SIMULATION AND CONTROL OF HEAT-TRANSFER IN CONTINUOUS-CASTING OF STEEL

The aim of the present study was to develop numerical models and methods by which the strand thermal state could be better controlled. Another purpose was to get a new understanding of the heat extraction from the strand surface and thereby to learn to control the strand cooling better. Different kinds of models were developed: (1) The steady state heat transfer model for calculation of strand temperature field and shell thickness, (2) the steady state optimization model for calculating the optimum secondary cooling pattern so that given metallurgical criteria and technological constraints are met, (3) two real-time heat transfer models for on-line calculation of strand temperature field and shell thickness, (4) two control models, called Casim and Dyncool, for the strand cooling and shell growth, and (5) a model which calculates the thermophysical material properties of carbon and low-alloyed steels, taking into account the temperature, the cooling rate, and the composition.

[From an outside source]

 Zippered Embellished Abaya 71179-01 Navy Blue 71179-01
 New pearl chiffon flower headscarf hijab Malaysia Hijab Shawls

The first control model, Casim, is based on data tables established in advance by the steady state heat transfer model. The second one, Dyncool, is based on the real-time heat transfer model. The purpose of these models is to retain the selected temperature pattern along the strand in spite of variations in casting parameters. Another possible mode is to operate with a constant length of liquid core. Characteristics of the models developed and their industrial applications are discussed in this thesis.